Underwear bomber preps for US trial

CHICAGO, Sept 12 – The young Nigerian accused of trying to blow up a packed transatlantic airliner over Detroit on Christmas 2009 in one of the most significant terror plots of the past decade heads to court Wednesday.

The trial of Umar Farouk Abdulmutallab — popularly known as the underwear bomber — is set to kick off days after the United States marked the 10th anniversary of the September 11, 2001 attacks that killed nearly 3,000 people.

Abdulmutallab, 24, allegedly aimed to kill nearly 300 people aboard the Northwest flight from Amsterdam to Detroit.

Passengers and crew members were able to restrain Abdulmutallab after the explosives stitched into his underwear failed to detonate and instead simply caused a small fire.

The botched Al-Qaeda plot triggered global alarm and led the United States to adopt stringent new screening and security measures, including controversial patdowns at airports and a massive expansion of the no-fly list.

The reputation of the nation’s intelligence services also took a hit because Abdulmutallab’s father, a prominent Nigerian banker, had warned the CIA about his son’s radicalization.

Republicans capitalized on the missteps and the revived fears to paint President Barack Obama as weak on terror, as well as to undermine his plans for shutting down Guantanamo Bay and prosecuting Khalid Sheikh Mohammed and other high-profile “enemy combatants” being held there in US civilian courts.

They are currently pushing legislation that would ensure that any terror suspects who are not US citizens be handed over to the military rather than be prosecuted by civil law enforcement and the courts.
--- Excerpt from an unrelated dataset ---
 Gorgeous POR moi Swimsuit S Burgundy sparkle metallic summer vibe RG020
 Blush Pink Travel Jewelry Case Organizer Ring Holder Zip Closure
“It would be not only a capitulation to the politics of fear but a dangerous expansion of the militarization of our legal system,” Ben Wizner of the American Civil Liberties Union said of the proposed law.
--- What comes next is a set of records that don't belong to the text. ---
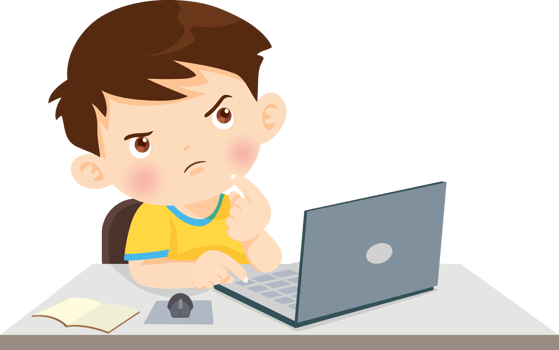 cute child sitting use computer to study png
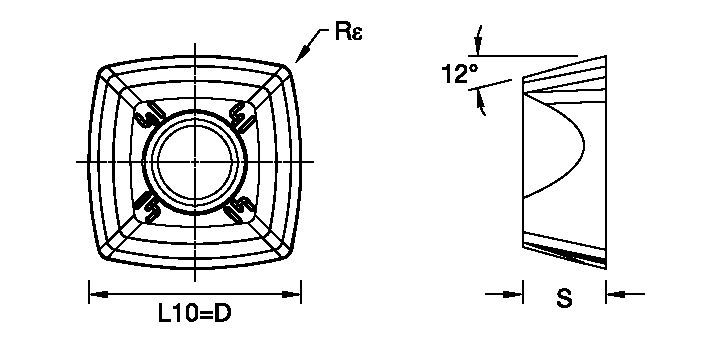 High-feed copy milling insert with four cutting edges, precision ground.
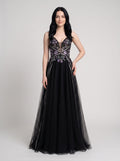 Black Tulle A-Line V-Neck Lace-up Floor-Length Dress with Embroidered Floral Bodice - Curvevia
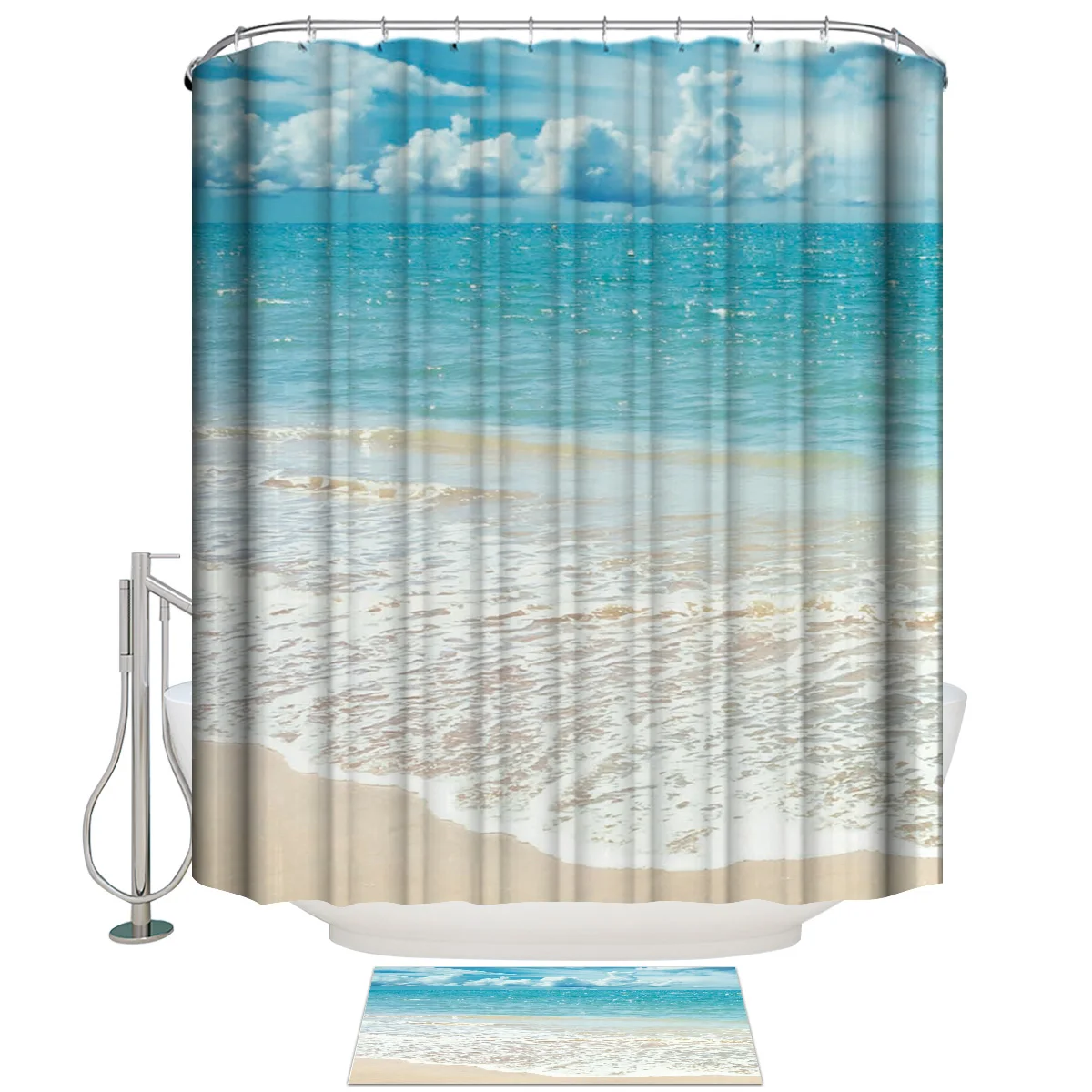 Набор из 2 предметов для ванной пляжный набор штор с ковриком и душевой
Abdulmutallab has complicated his case by firing his attorneys and insisting upon representing himself at trial.

“This is the American legal system on display for the world. That’s important,” said Peter Henning, a law professor at Wayne State University and former federal prosecutor.

“The judge has to ensure this trial is conducted fairly without letting it dissolve into a circus. That’s difficult to do because Mr Abdulmutallab has his own agenda.”
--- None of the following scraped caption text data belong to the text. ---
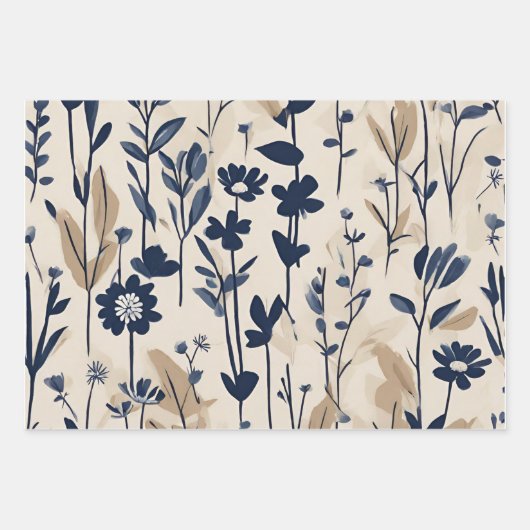 Dunkle Navy Blue Modern Groovy Daisy Blume Geschenkpapier Set (Vorderseite 2)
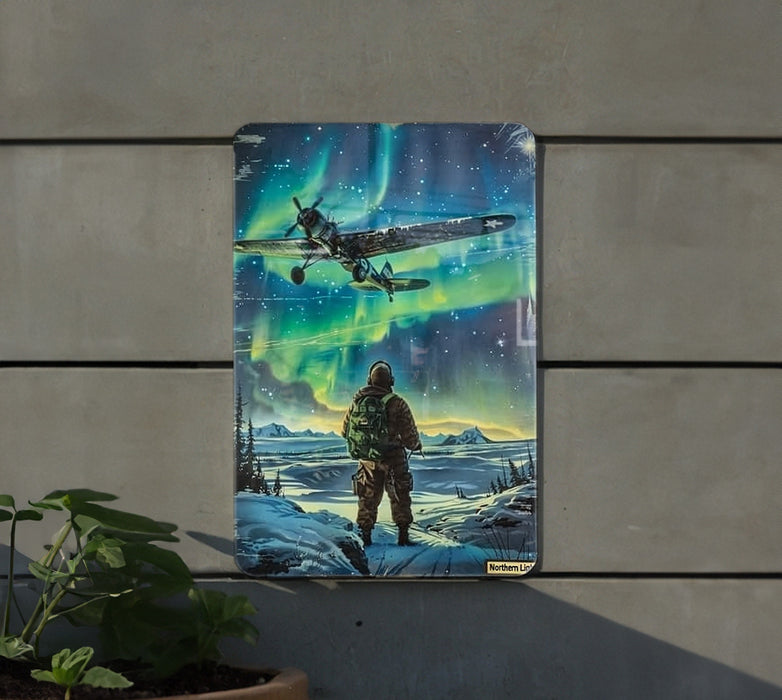 a painting of a man standing in front of an airplane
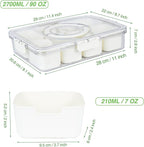 shopwithgreen Divided Serving Tray with Lid and Handle, Portable Snackle Box Charcuterie Container for Party, Veggies, Snack, Fruit, Nuts, Candy, Christmas Tray Snack Box for Entertaining, Picnic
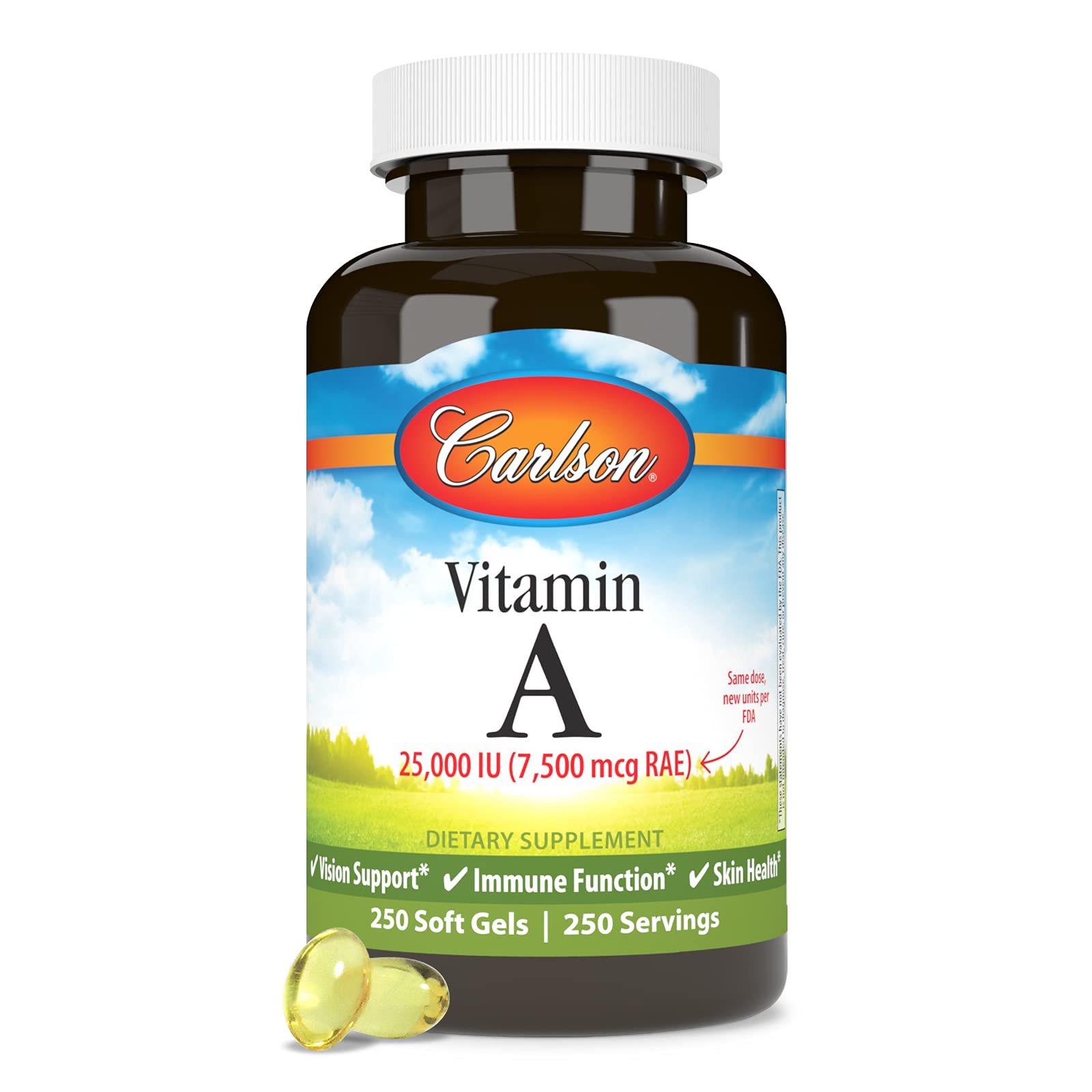 Foto 5 | Suplemento De Vitamina A Carlson 25000 Ui (7500 Mcg Rae) 250 Cápsulas Blandas - Venta Internacional.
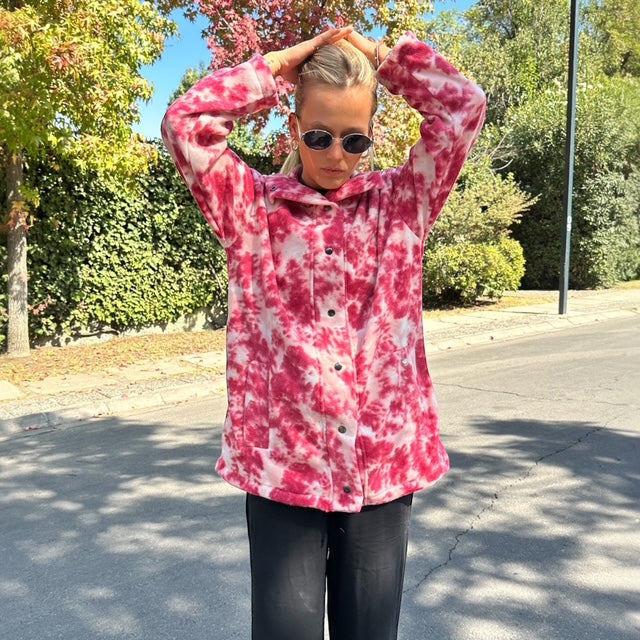 Polerón Tipo Chaqueta Tie Dye Rosa
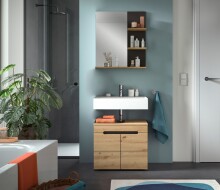 Badezimmer-Set >Canu< in Basalt grau/Artisan Eiche Dekor - 63x193x34cm (BxHxT)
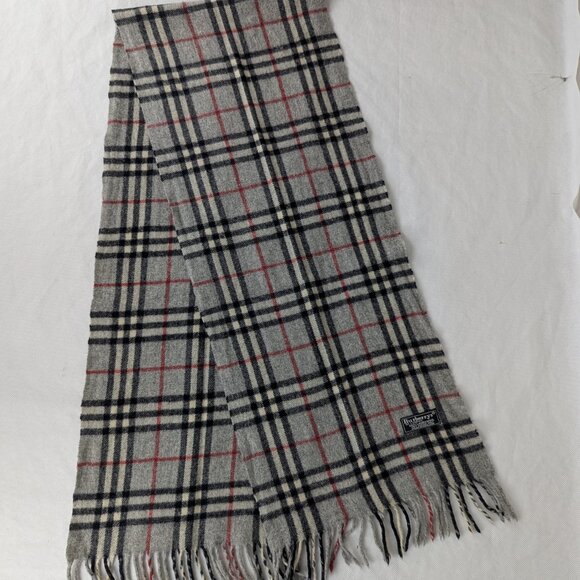 Burberry Accessories - Burberry Lambswool Scarf Gray Unisex | Iconic Check Design | Ready to Ship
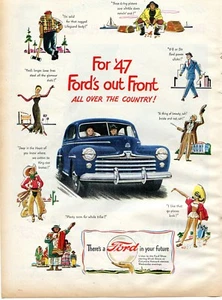 Anuncio impreso 1947 de Ford en tu futuro Ford's Out Front ¡En todo el país! - Imagen 1 de 2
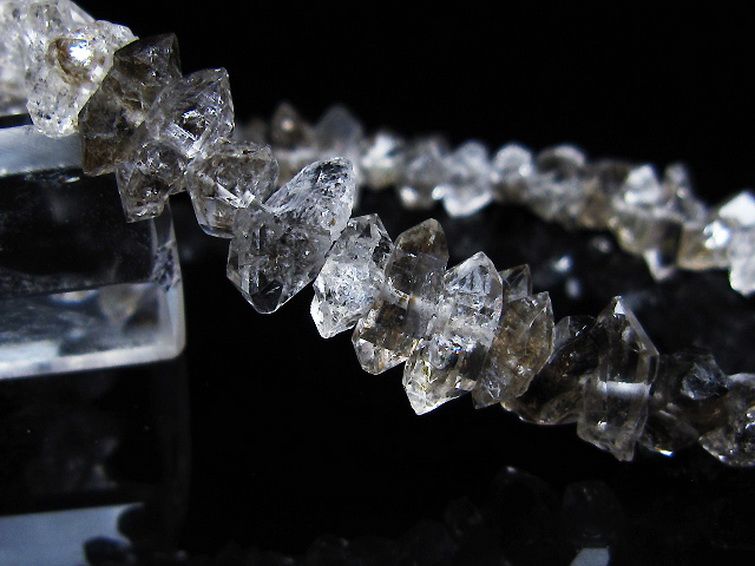 スティブナイト（輝安鉱）入り | ハーキマーダイヤモンド水晶ブレスレット[T99-5895] 3枚目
Zacarias Moussaoui, the only 9/11 plotter to be tried in a US court, also represented himself and tried to use his trial as a platform for Al-Qaeda propaganda.

Abdulmutallab has been calm and respectful at his pre-trial hearings, but gave a hint of his plans in a handwritten motion submitted last month asking to be released from custody because Muslims “should only be judged and ruled by the law of the Quran.”

Judge Nancy Edmunds, who has repeatedly urged Abdulmutallab to let a lawyer argue his case and appointed “standby counsel” to help him prepare, is expected to reject that motion at Wednesday’s pre-trial hearing.

Motions filed by his standby counsel may have a better chance of success.

Standby lawyer Anthony Chalmers has asked to move the trial outside of Michigan, to get access to evidence presented to the grand jury and to suppress statements Abdulmutallab made to investigators.

Chalmers argued that investigators took advantage of the fact that Abdulmutallab was “heavily sedated” after being treated for third-degree burns to coerce a confession even though doctors said he “could not be legally interviewed for four to six hours.”

He is also aiming to suppress statements made while at a federal prison because Abdulmutallab was told they would not used against him and were part of a plea negotiation.

Losing the confession would be a minor blow for prosecutors, said University of Detroit law professor Larry Dubin.

“The significance in terms of the ultimate outcome of the case is diminished by the availability of independent evidence,” he told AFP.

Meanwhile, prosecutors introduced a motion Friday to prevent Abdulmutallab from arguing at trial that his actions were caused by mental illness or “duress.”

They also sought permission to show jurors Abdulmutallab’s martyrdom video, along with a video of Osama bin Laden calling him a “hero,” a model of the bomb he allegedly wore and a video demonstrating the power of the explosives the failed bomber allegedly used.

Some 250 prospective jurors are set to fill out questionnaires ahead of jury selection on October 4. Opening statements are expected on October 11.